Jeremy Strode
Roasted loin of venison, three vegetable purees, sauce poivrade
Serves 6
Ingredients
6 pieces of venison loin (approximately 180g each, marinated in red wine overnight)
500g venison trimmings
100g carrots, peeled and diced
80g onion, peeled and diced
50g celery, diced and washed
750g beetroot, peeled and diced
500g butternut pumpkin, peeled and diced
500g celeriac, peeled and diced
2 Royal Gala apples
6 juniper berries
100ml thickened cream
530g unsalted butter
650ml game stock (or veal stock)
30ml red wine vinegar
250ml shiraz
60ml vegetable oil
6 teaspoons redcurrant jelly
1 large pinch castor sugar
12 black peppercorns
sea salt
black pepper, freshly ground
Method
To make the sauce poivrade, heat a thick-bottomed saucepan over a high heat.
Add half the vegetable oil and the venison.
Fry until brown, lower heat, add vegetables and fry for a further five minutes.
Deglaze with the vinegar, add the wine and reduce by four-fifths.
Add the stock, bring to the boil, skim, reduce heat, add the juniper and pepper and simmer for one hour, skimming regularly.
Pass through a fine sieve, whisk in 30g butter and keep warm if using immediately, or omit the butter, chill and refrigerate.
It will keep for one week.
Preheat oven to 220 degrees
To make the purees, take three saucepans and melt 100g of butter in each over a low heat.
Add the vegetables to each pan, cover and sweat until soft.
Add the cream to the celeriac only, season each vegetable, and remove the pumpkin and beetroot.
Bring the cream to the boil, and simmer for ten minutes.
Puree each vegetable in a bar blender until very smooth.

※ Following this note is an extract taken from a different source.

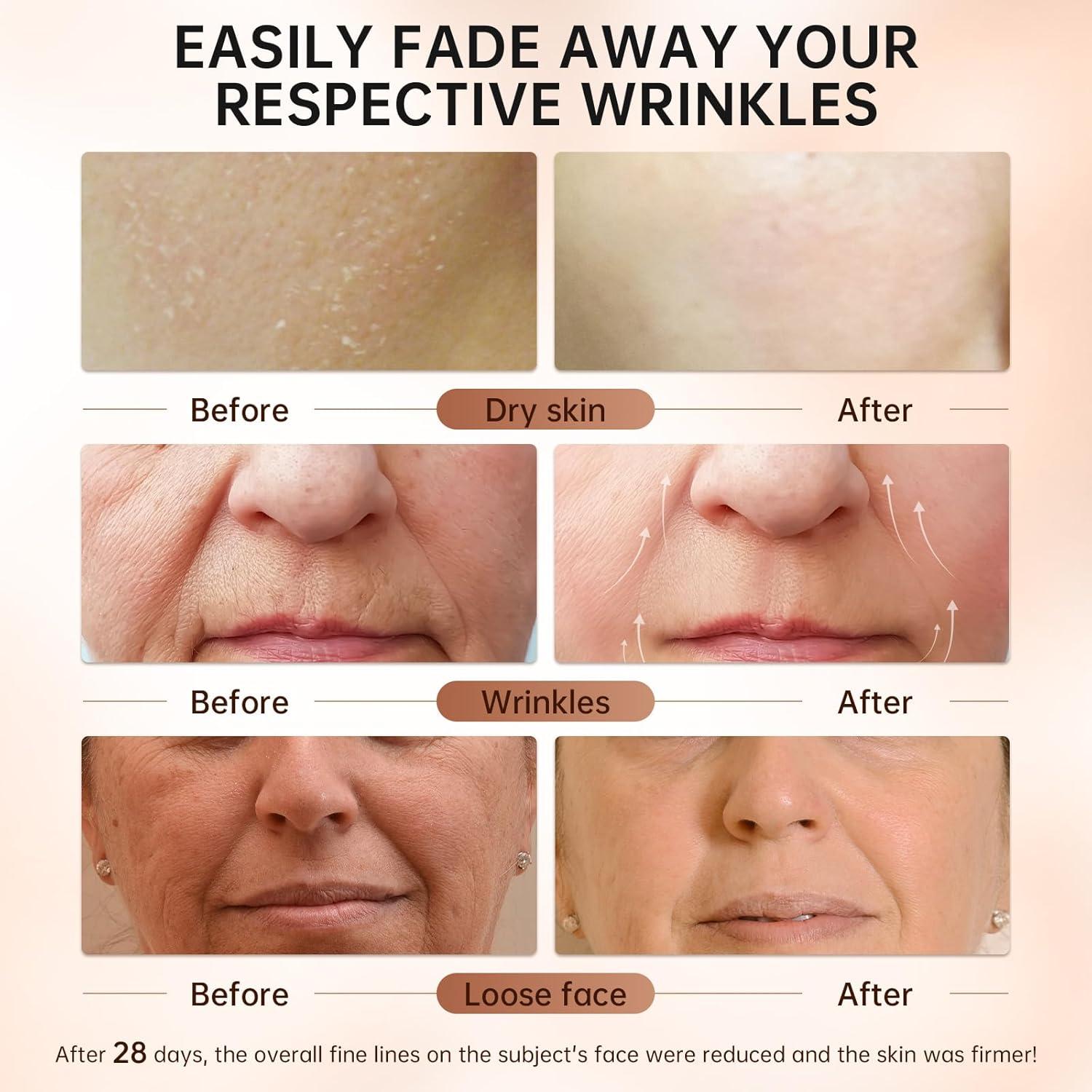 Suero de Retinol VGO 30 ml con Ácido Hialurónico y Niacinamida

Place the beetroot puree in a cloth and squeeze out the excess moisture.
Place each puree in a clean saucepan over a low heat, remove and keep warm.
Peel apples, slice off each end, and cut into three.

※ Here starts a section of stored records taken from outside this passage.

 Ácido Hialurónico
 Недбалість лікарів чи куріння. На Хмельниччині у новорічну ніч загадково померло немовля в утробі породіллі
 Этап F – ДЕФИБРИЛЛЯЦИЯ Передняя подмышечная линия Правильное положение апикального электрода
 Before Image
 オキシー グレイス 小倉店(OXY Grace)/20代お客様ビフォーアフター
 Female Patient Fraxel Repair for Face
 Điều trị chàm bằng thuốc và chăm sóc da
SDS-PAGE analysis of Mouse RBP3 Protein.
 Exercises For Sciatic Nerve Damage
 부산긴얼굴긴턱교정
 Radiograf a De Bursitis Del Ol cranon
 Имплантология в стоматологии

Remove cores so that you have six rings.
Melt 50g butter with the sugar in a frying pan over a medium heat, add apple rings and cook on each side until golden brown (approximately 5 minutes).
Remove from pan and keep warm.
Reboil the sauce poivrade and keep warm.
Heat a frying pan over a high flame, add remaining vegetable oil, and seal the venison loins on either side until golden brown.
Add the remaining butter, season with plenty of black pepper and sea salt, and place in oven.
Cook on either side for approximately three minutes for medium rare.
Remove and rest for fifteen minutes.
To serve: Take six hot main course plates, place an apple ring in the centre of each plate and fill each hole with redcurrant jelly.
Place a spoonful of each puree at regular intervals around the apple.
Slice each loin into three and place a slice on top of each puree.
Pour sauce over venison and serve immediately.